**DESCRIPTION OF THE TASK:** Leave the pictures out and restate every line below exactly.

**INPUT DATA:**

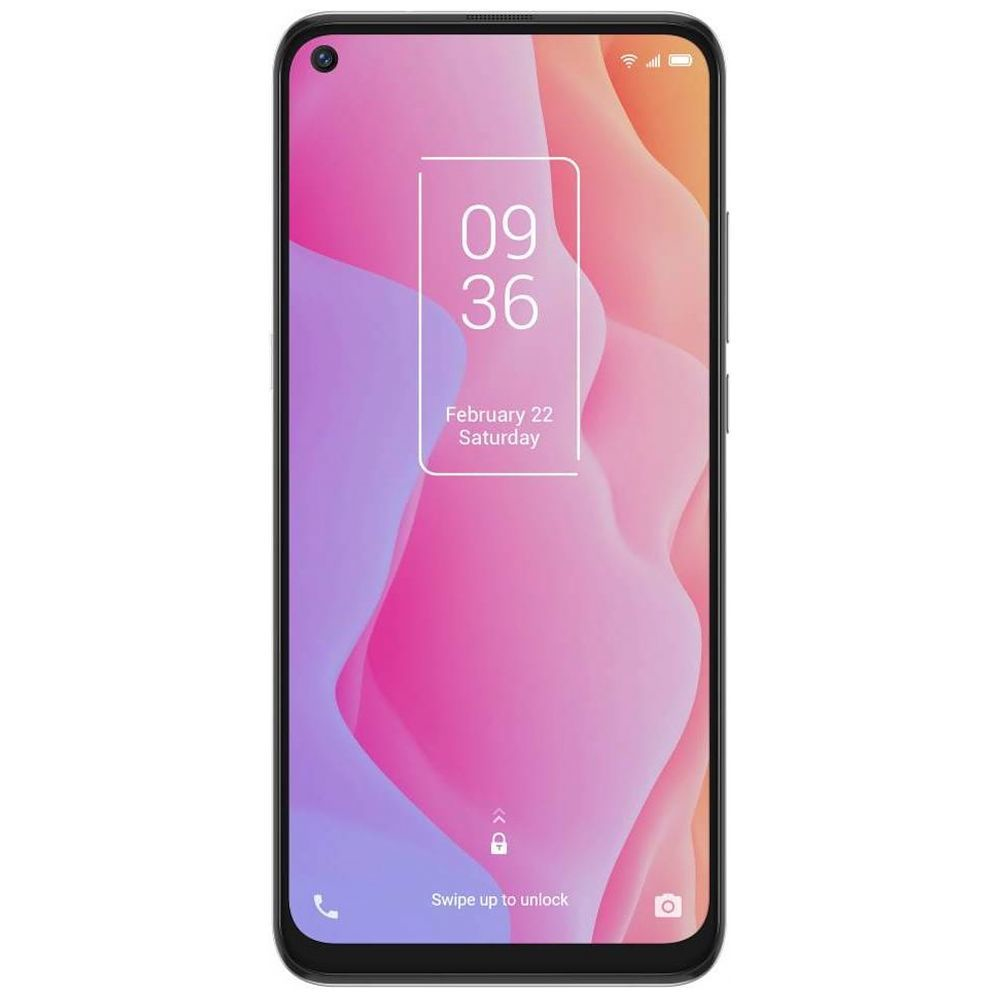 TCL 10L 17.1 cm (6.73") Dual SIM Android 10 4G USB Type-C 6 GB 64 GB 4500 mAh White – image 1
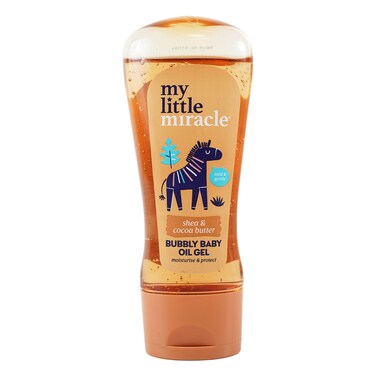 My Little Miracle Baby Oil Shea &amp; Cocoa Butter 200ml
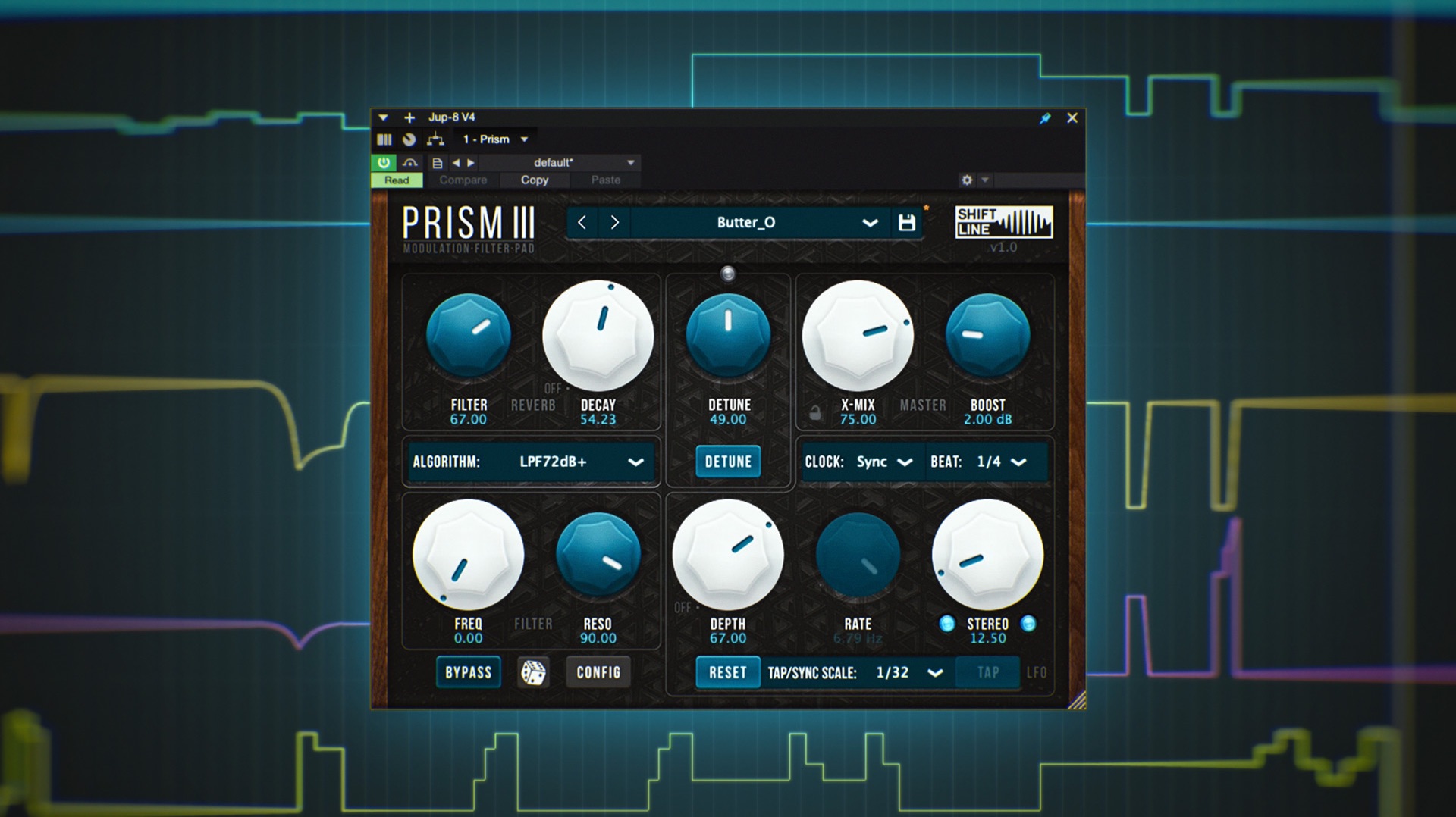 VST3/AU-плагин Shift Line Prism III смотреть онлайн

**FINISHED EXERCISE:**
 TCL 10L 17.1 cm (6.73") Dual SIM Android 10 4G USB Type-C 6 GB 64 GB 4500 mAh White – image 1
 My Little Miracle Baby Oil Shea &amp; Cocoa Butter 200ml
 VST3/AU-плагин Shift Line Prism III смотреть онлайн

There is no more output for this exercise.